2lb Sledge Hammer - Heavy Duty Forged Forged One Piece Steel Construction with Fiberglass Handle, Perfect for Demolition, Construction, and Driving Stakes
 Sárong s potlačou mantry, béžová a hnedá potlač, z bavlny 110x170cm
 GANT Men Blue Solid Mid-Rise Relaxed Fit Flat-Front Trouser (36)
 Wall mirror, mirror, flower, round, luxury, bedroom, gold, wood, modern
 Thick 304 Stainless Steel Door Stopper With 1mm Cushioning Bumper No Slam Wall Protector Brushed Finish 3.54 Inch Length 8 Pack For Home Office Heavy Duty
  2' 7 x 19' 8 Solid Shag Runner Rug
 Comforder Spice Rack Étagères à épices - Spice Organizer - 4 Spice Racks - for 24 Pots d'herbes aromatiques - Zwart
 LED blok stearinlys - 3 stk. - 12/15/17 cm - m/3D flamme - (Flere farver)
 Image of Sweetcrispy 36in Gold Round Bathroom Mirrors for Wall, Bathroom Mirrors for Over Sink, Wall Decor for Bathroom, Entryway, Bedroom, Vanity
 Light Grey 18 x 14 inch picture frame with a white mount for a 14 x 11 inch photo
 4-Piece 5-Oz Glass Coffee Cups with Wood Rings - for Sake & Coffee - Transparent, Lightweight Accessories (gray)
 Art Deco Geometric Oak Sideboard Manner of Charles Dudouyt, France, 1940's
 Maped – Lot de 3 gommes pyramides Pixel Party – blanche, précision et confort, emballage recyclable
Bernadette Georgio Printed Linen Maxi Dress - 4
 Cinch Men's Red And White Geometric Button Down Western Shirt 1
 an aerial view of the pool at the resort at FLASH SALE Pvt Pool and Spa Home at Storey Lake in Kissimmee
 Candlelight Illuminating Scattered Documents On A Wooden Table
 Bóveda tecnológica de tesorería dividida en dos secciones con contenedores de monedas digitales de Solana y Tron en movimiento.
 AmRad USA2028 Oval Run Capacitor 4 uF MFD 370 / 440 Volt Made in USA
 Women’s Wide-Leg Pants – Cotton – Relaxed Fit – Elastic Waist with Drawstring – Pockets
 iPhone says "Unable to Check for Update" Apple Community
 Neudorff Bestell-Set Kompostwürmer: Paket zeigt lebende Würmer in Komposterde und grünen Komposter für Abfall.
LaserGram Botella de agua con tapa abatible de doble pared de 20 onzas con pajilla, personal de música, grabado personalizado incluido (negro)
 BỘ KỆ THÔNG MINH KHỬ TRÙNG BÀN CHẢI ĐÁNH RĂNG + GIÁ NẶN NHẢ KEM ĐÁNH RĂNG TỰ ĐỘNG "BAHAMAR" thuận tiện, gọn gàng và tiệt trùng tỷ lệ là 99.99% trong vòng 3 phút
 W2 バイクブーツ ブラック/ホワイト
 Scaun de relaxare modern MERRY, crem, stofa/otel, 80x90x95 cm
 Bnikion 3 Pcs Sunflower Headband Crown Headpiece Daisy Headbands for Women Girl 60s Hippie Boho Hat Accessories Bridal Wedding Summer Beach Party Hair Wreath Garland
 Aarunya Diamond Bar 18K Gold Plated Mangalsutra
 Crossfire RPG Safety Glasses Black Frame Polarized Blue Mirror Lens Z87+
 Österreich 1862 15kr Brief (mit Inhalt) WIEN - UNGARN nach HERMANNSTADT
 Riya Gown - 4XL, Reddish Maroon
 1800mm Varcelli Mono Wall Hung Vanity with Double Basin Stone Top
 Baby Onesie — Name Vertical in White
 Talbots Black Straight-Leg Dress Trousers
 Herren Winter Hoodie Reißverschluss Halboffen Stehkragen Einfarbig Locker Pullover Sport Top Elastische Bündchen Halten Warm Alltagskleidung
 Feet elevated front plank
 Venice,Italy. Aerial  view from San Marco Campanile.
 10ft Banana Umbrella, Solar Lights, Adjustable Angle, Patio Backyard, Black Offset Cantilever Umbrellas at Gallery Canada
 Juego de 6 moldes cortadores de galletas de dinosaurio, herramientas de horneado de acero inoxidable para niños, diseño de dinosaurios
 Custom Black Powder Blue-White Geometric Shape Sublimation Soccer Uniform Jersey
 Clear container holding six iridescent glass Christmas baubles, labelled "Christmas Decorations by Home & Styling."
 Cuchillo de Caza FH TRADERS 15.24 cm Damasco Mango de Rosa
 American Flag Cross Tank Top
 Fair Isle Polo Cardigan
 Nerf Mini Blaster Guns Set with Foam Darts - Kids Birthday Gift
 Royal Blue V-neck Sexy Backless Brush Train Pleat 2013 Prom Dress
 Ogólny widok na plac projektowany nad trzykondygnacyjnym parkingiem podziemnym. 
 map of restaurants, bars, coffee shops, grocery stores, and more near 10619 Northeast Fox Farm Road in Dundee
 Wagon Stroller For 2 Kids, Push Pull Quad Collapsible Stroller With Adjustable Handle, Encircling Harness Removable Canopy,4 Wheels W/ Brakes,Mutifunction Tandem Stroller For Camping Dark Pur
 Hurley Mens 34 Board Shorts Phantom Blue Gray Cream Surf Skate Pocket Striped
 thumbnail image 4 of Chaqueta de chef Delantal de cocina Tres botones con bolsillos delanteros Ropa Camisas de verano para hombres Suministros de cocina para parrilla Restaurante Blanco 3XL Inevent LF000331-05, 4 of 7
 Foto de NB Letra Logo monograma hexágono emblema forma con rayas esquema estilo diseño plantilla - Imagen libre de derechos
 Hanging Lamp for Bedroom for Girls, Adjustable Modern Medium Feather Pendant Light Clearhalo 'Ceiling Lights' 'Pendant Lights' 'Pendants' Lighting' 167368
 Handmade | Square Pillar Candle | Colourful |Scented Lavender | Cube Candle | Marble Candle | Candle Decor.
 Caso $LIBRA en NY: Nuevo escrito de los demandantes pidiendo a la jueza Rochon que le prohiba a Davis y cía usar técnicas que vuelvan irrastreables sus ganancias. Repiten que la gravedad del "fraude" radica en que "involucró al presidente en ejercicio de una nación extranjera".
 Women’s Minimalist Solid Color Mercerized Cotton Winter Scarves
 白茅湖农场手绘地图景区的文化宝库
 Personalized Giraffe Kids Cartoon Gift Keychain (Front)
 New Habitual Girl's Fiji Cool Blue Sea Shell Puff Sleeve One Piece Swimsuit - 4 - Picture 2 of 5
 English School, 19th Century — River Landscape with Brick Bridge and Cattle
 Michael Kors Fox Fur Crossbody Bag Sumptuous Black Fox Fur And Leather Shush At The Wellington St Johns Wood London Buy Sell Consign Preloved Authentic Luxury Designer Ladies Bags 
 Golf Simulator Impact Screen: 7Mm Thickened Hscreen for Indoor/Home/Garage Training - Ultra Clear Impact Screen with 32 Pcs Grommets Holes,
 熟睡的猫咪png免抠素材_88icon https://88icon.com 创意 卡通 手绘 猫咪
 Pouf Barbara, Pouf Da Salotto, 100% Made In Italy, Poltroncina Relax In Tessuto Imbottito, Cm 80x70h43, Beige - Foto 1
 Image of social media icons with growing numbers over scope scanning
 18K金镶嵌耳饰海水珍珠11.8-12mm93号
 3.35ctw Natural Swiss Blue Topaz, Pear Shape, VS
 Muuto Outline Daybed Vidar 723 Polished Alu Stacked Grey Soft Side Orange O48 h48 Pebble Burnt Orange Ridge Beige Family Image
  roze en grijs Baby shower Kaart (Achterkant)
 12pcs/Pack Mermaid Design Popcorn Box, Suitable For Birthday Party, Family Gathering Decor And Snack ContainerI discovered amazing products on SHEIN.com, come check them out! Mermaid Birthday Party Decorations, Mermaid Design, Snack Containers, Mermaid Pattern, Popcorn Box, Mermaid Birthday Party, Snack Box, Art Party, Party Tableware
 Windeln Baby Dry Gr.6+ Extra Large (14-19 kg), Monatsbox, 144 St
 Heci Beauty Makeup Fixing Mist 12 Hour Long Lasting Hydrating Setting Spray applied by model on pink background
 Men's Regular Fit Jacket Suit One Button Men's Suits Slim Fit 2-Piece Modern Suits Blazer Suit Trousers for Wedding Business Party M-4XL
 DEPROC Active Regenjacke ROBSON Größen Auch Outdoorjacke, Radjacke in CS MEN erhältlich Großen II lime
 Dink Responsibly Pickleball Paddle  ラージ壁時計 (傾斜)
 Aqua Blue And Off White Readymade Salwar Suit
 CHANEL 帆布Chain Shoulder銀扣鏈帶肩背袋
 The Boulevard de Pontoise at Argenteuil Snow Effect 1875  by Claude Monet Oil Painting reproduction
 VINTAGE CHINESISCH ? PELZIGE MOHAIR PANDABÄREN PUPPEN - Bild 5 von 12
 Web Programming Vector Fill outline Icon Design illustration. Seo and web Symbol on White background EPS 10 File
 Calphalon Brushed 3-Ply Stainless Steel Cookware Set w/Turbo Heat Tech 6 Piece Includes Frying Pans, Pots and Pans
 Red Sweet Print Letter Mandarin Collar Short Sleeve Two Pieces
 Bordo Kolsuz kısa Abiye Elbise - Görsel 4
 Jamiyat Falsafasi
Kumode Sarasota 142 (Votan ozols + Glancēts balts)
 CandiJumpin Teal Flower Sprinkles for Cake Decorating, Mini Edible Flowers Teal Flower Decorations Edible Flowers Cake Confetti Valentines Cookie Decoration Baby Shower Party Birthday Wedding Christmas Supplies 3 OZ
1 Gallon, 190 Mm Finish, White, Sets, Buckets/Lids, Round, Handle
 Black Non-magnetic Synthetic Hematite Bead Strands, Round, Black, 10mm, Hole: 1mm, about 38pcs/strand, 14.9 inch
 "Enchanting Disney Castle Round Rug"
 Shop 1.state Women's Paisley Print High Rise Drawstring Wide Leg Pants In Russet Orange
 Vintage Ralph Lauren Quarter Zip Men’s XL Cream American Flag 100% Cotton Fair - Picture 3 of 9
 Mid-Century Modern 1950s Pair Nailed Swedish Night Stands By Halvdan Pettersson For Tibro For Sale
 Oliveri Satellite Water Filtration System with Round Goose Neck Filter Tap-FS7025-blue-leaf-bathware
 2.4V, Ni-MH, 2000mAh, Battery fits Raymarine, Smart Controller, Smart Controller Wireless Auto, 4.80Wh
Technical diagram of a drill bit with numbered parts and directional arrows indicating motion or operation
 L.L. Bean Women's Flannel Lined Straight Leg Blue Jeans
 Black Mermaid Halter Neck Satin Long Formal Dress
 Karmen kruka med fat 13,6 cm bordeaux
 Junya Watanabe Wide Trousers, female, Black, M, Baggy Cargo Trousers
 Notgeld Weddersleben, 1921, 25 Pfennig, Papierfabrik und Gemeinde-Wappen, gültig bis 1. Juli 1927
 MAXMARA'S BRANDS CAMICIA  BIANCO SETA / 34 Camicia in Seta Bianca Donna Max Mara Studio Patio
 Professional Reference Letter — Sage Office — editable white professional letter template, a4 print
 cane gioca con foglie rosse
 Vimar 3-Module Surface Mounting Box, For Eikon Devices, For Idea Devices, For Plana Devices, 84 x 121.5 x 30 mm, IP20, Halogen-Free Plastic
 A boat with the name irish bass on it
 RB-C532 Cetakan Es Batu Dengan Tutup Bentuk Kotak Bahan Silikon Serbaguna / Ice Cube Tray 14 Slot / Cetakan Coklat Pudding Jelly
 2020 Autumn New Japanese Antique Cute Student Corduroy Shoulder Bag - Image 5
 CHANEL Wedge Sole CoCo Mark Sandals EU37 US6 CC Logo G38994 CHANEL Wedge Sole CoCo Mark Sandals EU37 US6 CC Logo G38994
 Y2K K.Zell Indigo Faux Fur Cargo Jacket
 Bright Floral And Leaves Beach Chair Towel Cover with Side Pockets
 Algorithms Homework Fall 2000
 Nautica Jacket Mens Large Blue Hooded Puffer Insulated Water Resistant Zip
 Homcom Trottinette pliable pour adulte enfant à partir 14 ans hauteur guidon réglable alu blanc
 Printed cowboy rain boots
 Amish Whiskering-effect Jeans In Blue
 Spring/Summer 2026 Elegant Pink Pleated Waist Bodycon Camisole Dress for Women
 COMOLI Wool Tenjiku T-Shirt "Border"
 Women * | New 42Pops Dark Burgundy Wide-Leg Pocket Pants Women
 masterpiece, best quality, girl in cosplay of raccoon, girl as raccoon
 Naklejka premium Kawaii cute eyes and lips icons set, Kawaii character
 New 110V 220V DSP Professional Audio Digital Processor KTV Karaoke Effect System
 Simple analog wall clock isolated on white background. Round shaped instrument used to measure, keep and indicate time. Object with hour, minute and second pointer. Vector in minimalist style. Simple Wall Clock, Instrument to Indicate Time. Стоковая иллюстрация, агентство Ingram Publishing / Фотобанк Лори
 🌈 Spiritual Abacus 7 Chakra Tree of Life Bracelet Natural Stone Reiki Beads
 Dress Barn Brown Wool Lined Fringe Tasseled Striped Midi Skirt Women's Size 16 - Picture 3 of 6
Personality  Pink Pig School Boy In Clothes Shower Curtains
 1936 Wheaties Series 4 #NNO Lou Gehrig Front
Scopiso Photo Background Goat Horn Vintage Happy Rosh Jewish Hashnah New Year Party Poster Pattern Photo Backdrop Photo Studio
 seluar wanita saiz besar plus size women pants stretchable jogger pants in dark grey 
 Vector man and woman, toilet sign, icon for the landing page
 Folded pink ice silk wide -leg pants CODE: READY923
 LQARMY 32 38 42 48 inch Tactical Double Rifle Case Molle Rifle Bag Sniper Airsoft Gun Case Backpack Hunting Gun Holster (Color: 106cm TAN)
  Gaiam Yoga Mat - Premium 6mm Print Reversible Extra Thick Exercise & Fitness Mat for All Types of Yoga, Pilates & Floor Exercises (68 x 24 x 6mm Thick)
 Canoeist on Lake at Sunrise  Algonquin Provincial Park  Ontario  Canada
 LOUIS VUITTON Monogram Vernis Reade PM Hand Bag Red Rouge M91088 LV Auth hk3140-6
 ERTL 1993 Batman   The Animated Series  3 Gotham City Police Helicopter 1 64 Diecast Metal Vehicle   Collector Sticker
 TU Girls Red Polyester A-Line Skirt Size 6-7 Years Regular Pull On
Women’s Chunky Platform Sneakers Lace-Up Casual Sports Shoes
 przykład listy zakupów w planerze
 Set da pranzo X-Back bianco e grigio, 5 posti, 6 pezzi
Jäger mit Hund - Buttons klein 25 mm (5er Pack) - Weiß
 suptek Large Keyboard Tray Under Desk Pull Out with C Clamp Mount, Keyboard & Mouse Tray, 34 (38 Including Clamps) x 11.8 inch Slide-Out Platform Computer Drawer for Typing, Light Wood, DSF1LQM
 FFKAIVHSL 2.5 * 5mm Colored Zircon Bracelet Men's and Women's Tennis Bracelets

........

TASK TO CARRY OUT:
Please give again the lines above between the line holding "Image of social" and the line holding "Heci Beauty Makeup", inclusive, exactly as they are and with nothing added.

EXERCISE RESPONSE:
 Image of social media icons with growing numbers over scope scanning
 18K金镶嵌耳饰海水珍珠11.8-12mm93号
 3.35ctw Natural Swiss Blue Topaz, Pear Shape, VS
 Muuto Outline Daybed Vidar 723 Polished Alu Stacked Grey Soft Side Orange O48 h48 Pebble Burnt Orange Ridge Beige Family Image
  roze en grijs Baby shower Kaart (Achterkant)
 12pcs/Pack Mermaid Design Popcorn Box, Suitable For Birthday Party, Family Gathering Decor And Snack ContainerI discovered amazing products on SHEIN.com, come check them out! Mermaid Birthday Party Decorations, Mermaid Design, Snack Containers, Mermaid Pattern, Popcorn Box, Mermaid Birthday Party, Snack Box, Art Party, Party Tableware
 Windeln Baby Dry Gr.6+ Extra Large (14-19 kg), Monatsbox, 144 St
 Heci Beauty Makeup Fixing Mist 12 Hour Long Lasting Hydrating Setting Spray applied by model on pink background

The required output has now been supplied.